Work item
Set down, please, exactly the lines below that run from the line with "2018 Ford Fusion" to the line with "Item preview, I", both lines included.

[[ Input data open ]]

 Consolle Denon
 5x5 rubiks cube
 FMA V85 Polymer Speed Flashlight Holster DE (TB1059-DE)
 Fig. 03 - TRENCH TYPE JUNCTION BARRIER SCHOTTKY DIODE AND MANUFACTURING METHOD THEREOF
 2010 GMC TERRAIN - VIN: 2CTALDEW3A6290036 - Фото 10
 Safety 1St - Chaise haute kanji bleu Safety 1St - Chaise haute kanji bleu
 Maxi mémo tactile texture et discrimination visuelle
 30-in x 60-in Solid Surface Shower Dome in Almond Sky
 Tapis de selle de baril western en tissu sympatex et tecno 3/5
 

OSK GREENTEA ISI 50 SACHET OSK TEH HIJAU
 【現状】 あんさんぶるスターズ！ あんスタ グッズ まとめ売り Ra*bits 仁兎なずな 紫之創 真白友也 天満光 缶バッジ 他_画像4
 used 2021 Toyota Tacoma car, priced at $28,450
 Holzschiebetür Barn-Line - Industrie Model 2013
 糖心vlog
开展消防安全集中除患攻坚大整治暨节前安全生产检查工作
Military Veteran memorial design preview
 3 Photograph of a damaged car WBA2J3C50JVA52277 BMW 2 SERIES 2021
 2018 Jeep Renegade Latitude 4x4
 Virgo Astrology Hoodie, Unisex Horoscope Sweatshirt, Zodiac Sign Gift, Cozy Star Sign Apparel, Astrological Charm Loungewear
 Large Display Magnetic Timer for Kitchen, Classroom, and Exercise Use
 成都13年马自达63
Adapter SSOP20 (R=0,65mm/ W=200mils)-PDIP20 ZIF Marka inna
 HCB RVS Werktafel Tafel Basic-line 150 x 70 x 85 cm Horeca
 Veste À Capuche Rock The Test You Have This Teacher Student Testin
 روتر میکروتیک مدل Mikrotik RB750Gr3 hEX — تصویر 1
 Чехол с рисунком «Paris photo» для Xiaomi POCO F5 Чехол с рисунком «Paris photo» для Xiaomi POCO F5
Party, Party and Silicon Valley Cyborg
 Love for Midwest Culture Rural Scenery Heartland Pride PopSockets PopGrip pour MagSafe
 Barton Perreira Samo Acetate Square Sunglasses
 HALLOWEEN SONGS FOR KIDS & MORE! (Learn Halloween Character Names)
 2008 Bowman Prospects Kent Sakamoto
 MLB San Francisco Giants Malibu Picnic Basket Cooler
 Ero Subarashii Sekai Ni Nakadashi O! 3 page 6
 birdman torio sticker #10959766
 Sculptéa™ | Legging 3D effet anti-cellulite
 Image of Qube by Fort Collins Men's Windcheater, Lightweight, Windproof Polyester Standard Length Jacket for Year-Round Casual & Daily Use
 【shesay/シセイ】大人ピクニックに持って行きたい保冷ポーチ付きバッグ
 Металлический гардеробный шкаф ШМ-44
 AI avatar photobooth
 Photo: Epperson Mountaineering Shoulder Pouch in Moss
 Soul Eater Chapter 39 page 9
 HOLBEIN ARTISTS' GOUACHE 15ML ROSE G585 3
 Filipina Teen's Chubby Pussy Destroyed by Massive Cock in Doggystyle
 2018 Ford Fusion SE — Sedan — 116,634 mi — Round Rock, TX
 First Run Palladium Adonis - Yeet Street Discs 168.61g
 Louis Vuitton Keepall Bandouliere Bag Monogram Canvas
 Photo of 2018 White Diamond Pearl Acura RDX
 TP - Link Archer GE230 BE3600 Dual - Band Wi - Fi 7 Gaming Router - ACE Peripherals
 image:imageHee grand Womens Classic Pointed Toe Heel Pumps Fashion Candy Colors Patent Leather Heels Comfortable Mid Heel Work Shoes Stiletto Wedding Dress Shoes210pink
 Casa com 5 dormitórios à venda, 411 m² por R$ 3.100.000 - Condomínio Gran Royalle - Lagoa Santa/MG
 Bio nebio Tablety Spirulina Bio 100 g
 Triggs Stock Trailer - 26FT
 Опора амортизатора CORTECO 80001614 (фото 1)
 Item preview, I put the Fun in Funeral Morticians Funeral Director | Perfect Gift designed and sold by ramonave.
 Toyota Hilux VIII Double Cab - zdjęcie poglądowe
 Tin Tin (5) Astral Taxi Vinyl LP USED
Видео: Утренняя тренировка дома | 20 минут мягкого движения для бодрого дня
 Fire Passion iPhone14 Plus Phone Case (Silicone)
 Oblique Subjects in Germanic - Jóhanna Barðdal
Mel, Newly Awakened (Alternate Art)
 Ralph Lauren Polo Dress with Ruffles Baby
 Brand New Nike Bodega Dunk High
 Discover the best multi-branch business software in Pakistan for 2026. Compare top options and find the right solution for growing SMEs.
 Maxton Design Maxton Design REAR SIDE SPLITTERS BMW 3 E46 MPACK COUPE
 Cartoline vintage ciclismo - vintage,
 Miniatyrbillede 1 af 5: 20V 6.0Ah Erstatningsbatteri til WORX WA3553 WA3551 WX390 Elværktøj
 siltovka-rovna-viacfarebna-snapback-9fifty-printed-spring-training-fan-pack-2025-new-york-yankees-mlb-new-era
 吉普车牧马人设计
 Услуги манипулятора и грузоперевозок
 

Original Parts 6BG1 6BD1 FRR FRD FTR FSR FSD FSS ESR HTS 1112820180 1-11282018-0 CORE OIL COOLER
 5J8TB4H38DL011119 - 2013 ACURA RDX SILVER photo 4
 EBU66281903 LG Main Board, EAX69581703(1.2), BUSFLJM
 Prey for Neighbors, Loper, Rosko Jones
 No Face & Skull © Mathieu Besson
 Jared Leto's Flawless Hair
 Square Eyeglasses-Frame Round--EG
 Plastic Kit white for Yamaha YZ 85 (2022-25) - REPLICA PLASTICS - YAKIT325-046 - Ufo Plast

[[ Input data closed ]]

Final answer
 2018 Ford Fusion SE — Sedan — 116,634 mi — Round Rock, TX
 First Run Palladium Adonis - Yeet Street Discs 168.61g
 Louis Vuitton Keepall Bandouliere Bag Monogram Canvas
 Photo of 2018 White Diamond Pearl Acura RDX
 TP - Link Archer GE230 BE3600 Dual - Band Wi - Fi 7 Gaming Router - ACE Peripherals
 image:imageHee grand Womens Classic Pointed Toe Heel Pumps Fashion Candy Colors Patent Leather Heels Comfortable Mid Heel Work Shoes Stiletto Wedding Dress Shoes210pink
 Casa com 5 dormitórios à venda, 411 m² por R$ 3.100.000 - Condomínio Gran Royalle - Lagoa Santa/MG
 Bio nebio Tablety Spirulina Bio 100 g
 Triggs Stock Trailer - 26FT
 Опора амортизатора CORTECO 80001614 (фото 1)
 Item preview, I put the Fun in Funeral Morticians Funeral Director | Perfect Gift designed and sold by ramonave.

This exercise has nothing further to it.